--- Given material Enclosed Below ---

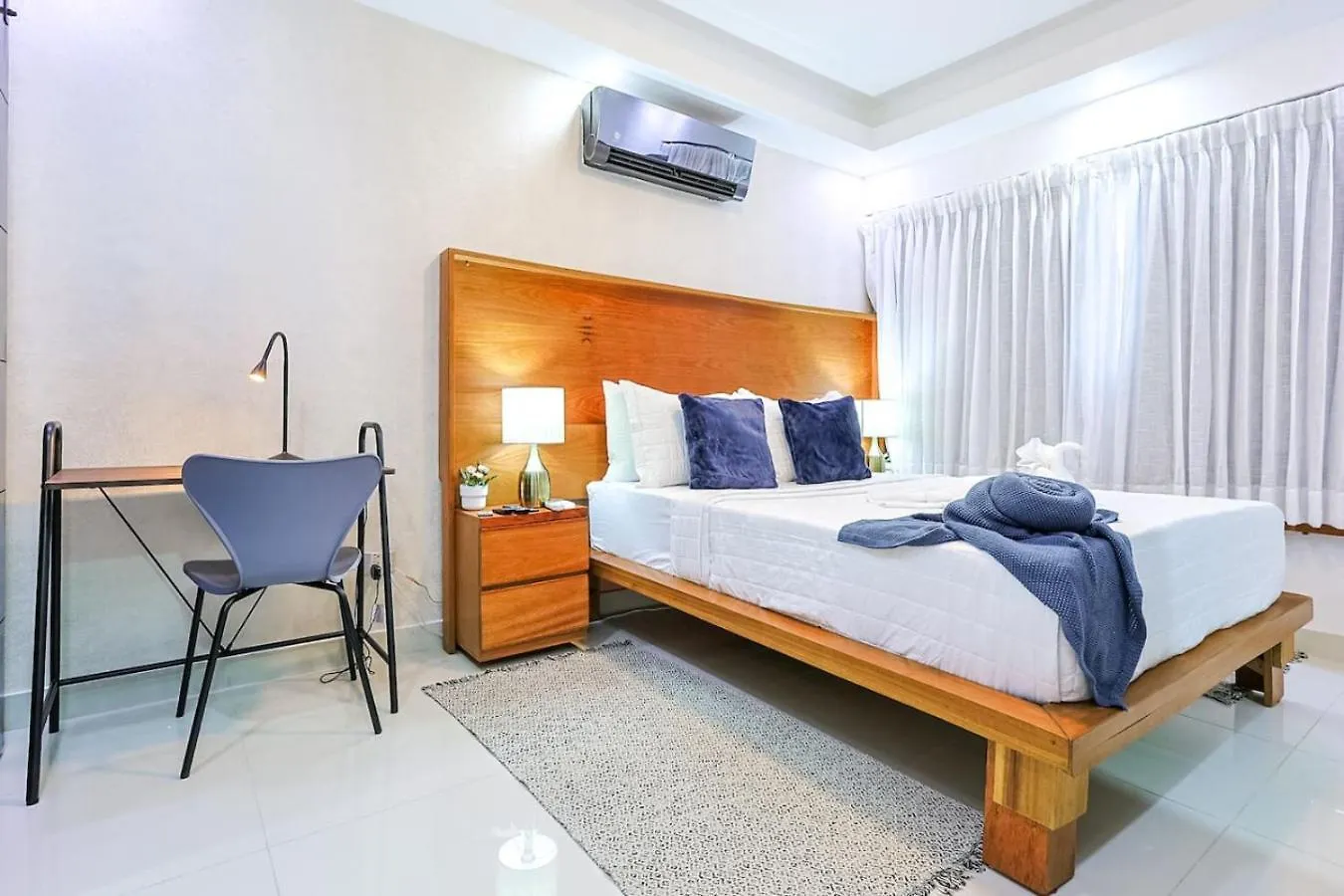 סנטו דומינגו Cozy City Center 2Bd Condo, דירה סנטו דומינגו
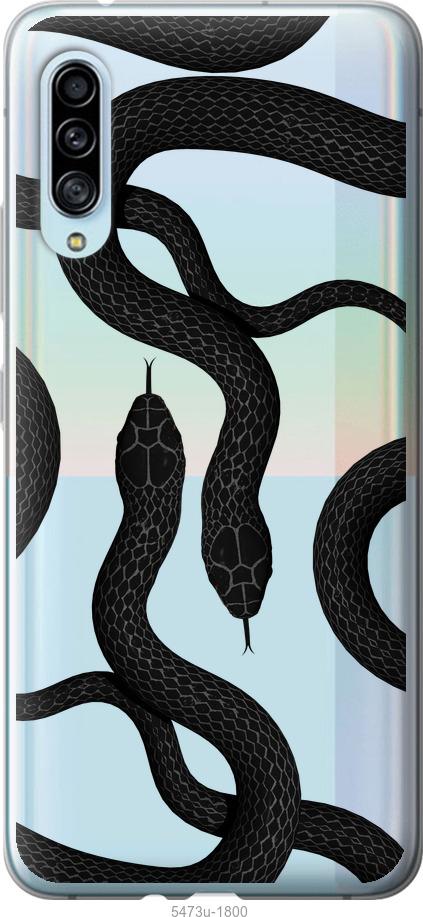 

Чехол на Samsung Galaxy A90 5G Змеи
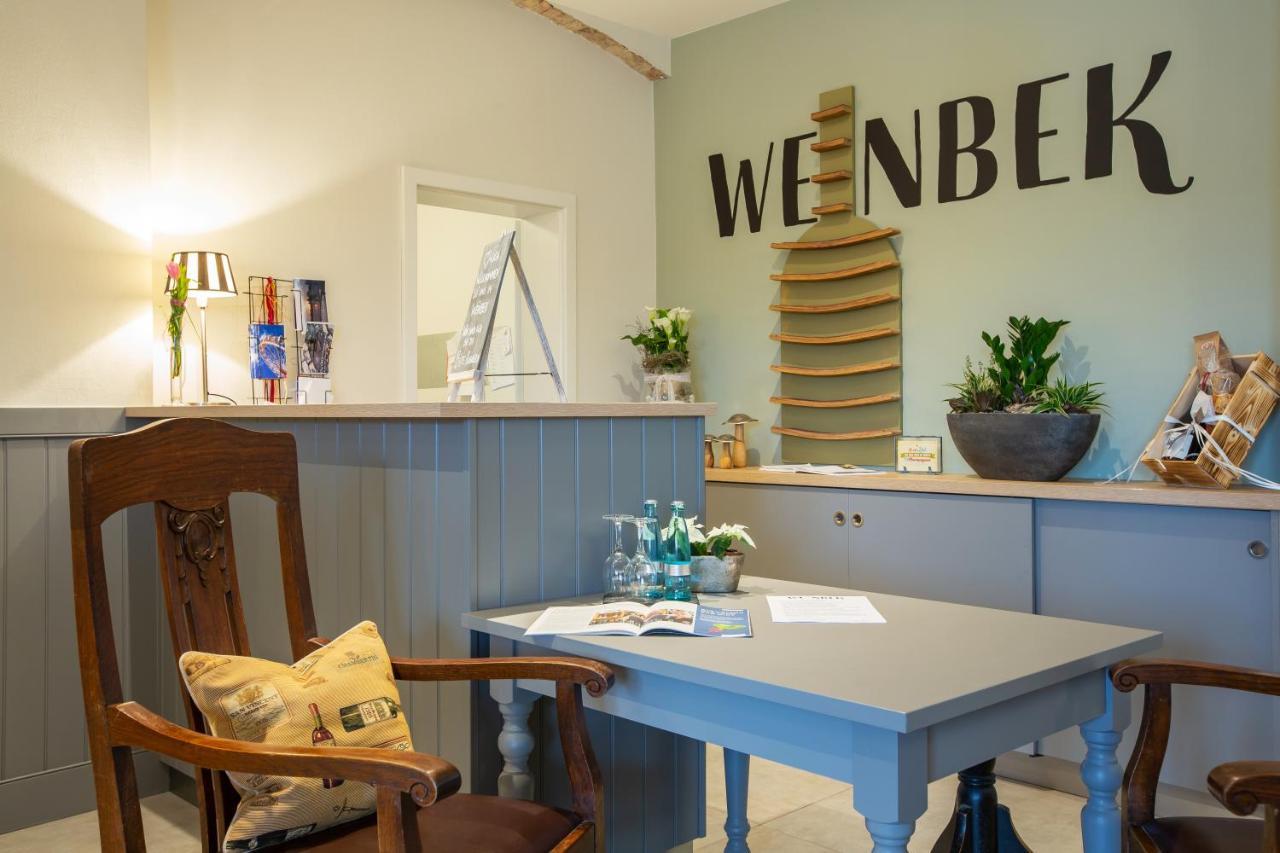 Hotel Weinbek à Fockbek Extérieur photo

--- End of Enclosed Given material ---

#### Instructions to follow
Copy out the lines exactly as written, beginning with the one that contains "Чехол на Samsung Galaxy A90 5G Змеи" and ending with the last line of the material; do not include pictures.

#### Answer space
Чехол на Samsung Galaxy A90 5G Змеи
 Hotel Weinbek à Fockbek Extérieur photo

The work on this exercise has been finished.